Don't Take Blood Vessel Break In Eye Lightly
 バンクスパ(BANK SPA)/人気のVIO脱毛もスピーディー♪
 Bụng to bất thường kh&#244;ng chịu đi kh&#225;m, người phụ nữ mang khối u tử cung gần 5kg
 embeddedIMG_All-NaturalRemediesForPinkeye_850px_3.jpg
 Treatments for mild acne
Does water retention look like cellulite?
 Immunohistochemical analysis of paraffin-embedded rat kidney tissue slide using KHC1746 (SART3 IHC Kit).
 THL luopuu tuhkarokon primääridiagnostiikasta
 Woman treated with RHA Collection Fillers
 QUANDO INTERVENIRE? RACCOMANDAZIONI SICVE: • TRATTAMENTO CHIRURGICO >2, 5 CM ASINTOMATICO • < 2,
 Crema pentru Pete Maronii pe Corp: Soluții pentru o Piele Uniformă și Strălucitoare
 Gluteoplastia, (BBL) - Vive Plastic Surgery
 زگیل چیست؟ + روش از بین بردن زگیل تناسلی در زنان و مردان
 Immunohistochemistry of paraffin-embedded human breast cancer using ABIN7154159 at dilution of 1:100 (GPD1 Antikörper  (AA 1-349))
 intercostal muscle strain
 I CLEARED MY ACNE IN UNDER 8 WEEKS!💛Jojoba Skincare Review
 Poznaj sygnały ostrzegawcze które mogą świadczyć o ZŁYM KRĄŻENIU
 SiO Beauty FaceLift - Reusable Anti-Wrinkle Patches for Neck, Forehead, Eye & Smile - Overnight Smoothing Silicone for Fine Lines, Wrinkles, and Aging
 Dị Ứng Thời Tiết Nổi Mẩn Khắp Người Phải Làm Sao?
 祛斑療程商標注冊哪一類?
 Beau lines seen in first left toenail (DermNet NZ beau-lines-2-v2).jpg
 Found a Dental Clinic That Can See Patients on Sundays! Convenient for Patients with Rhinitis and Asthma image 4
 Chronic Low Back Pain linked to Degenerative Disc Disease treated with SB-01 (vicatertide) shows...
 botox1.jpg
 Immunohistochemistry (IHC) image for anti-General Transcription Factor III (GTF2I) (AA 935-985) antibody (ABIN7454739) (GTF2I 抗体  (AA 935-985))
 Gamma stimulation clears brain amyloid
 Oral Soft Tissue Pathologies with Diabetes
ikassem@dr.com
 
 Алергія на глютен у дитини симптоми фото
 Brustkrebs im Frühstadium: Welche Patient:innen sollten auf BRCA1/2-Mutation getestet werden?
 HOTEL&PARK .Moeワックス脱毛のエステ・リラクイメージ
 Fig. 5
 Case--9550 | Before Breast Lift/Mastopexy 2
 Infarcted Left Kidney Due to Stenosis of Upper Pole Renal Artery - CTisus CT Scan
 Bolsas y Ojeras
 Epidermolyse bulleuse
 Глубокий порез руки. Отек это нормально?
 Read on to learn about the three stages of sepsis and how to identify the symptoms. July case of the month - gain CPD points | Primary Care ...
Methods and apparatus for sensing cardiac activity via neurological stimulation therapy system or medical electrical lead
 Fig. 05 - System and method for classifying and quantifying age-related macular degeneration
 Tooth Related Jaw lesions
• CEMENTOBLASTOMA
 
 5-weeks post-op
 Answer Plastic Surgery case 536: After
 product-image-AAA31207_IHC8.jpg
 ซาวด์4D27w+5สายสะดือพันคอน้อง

━━━━

**Activity**
What is the number of lines in the listing that contain the string "Surgery"? Give it alone.

**Finished task**
2